**What the exercise asks**
Every line of the listing should be retyped exactly, but none of the pictures should be.

**Input data**
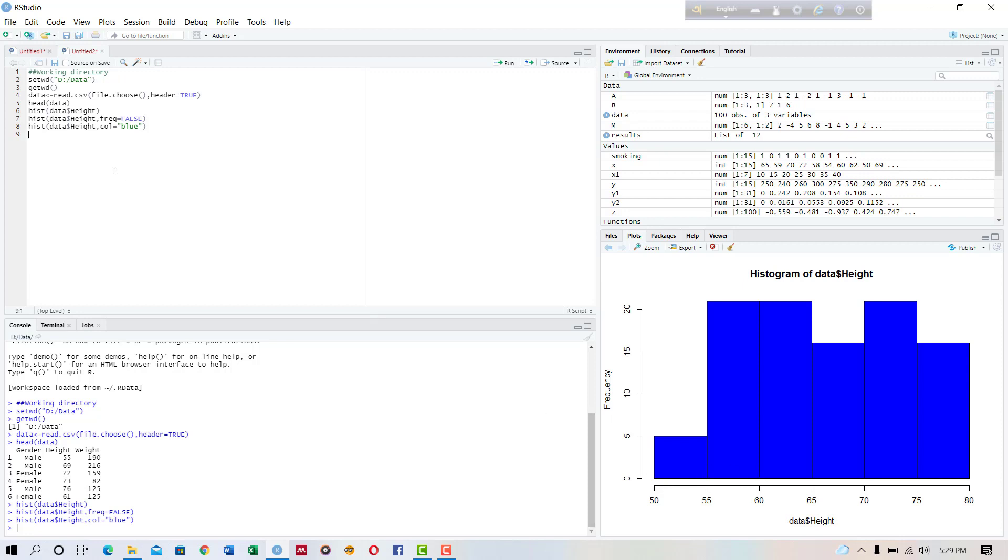Now we will learn how to create box plot using R programming.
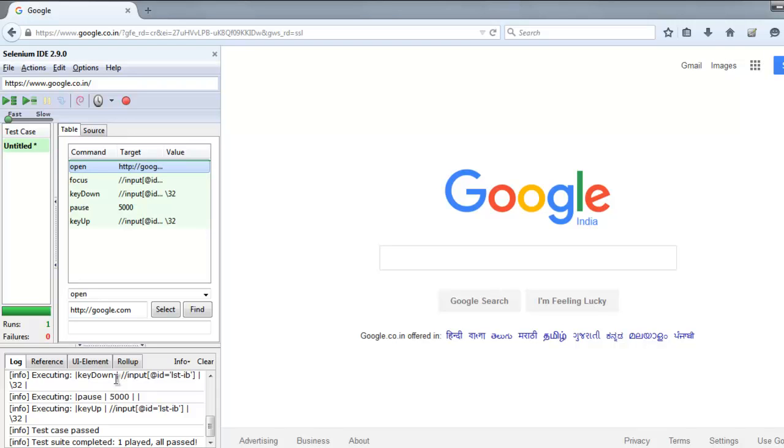This was just to check whether the focus command focuses on a particular text box, and keyUp and keyDown can be used for our simulation of the space key. I hope you find this video helpful. Thank you.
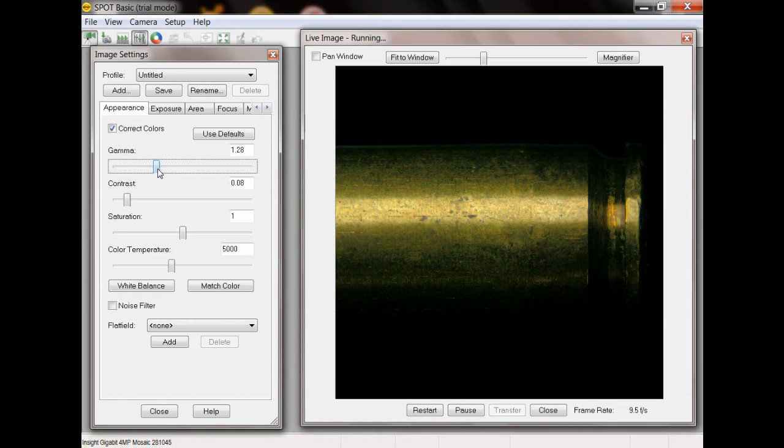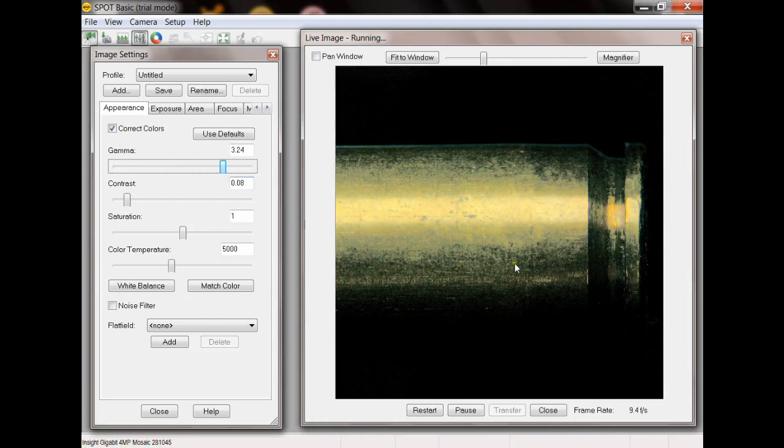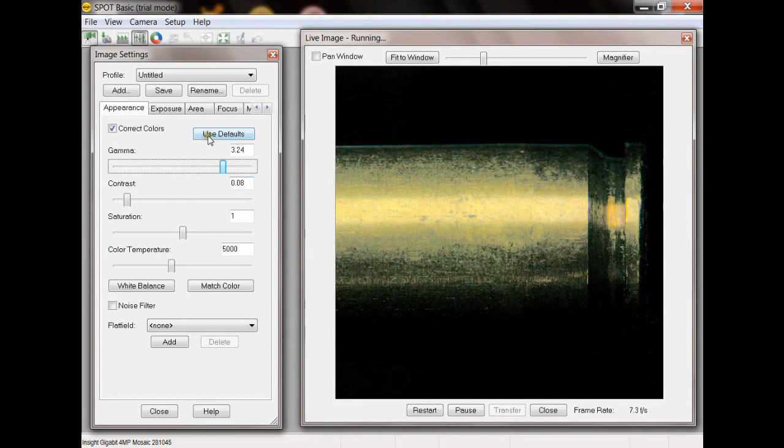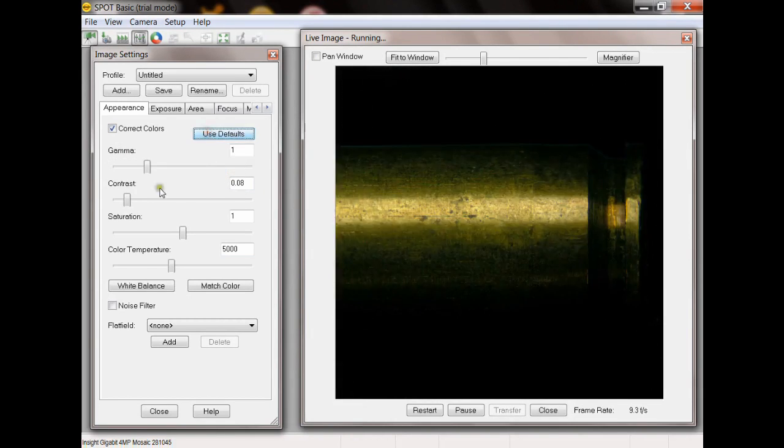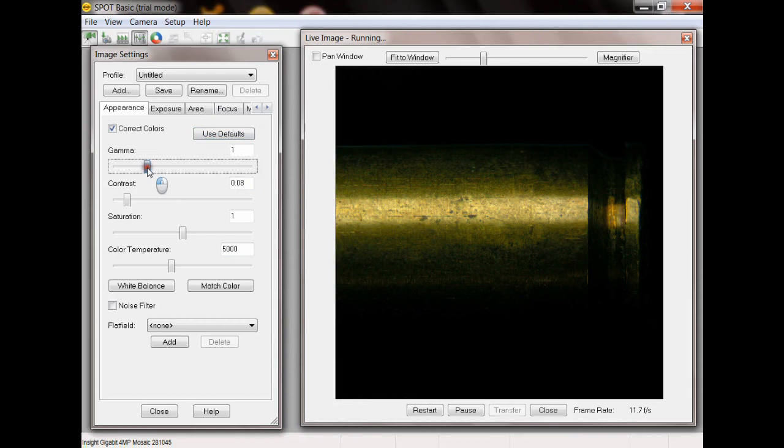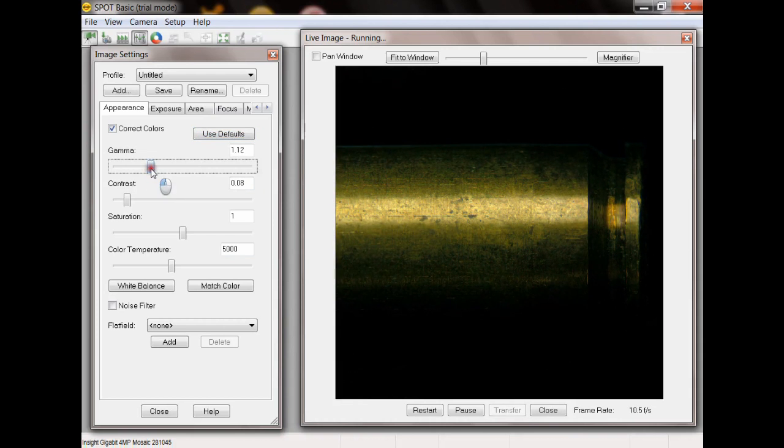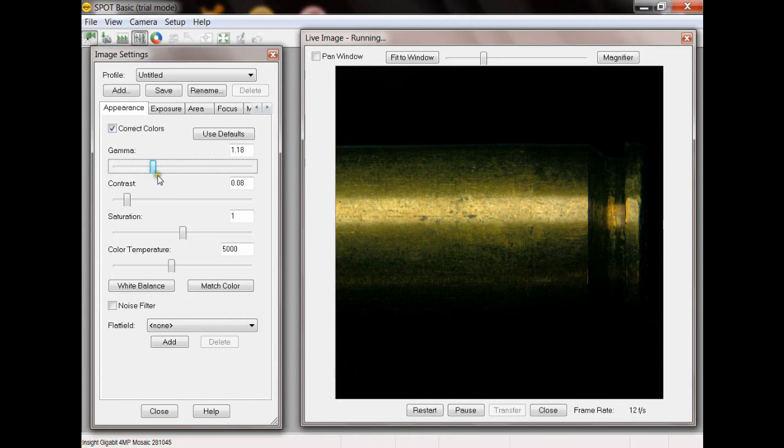Now you can overdo it. If you bring it all the way, you'll start to see some kind of weird things happen to your image. That's why you have the use defaults button. But if you do it right, you can cause your image to be a more dynamic range image which is going to be more similar to what you see through the eyepieces.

**Written reply**
Now we will learn how to create box plot using R programming.
This was just to check whether the focus command focuses on a particular text box, and keyUp and keyDown can be used for our simulation of the space key. I hope you find this video helpful. Thank you.
Now you can overdo it. If you bring it all the way, you'll start to see some kind of weird things happen to your image. That's why you have the use defaults button. But if you do it right, you can cause your image to be a more dynamic range image which is going to be more similar to what you see through the eyepieces.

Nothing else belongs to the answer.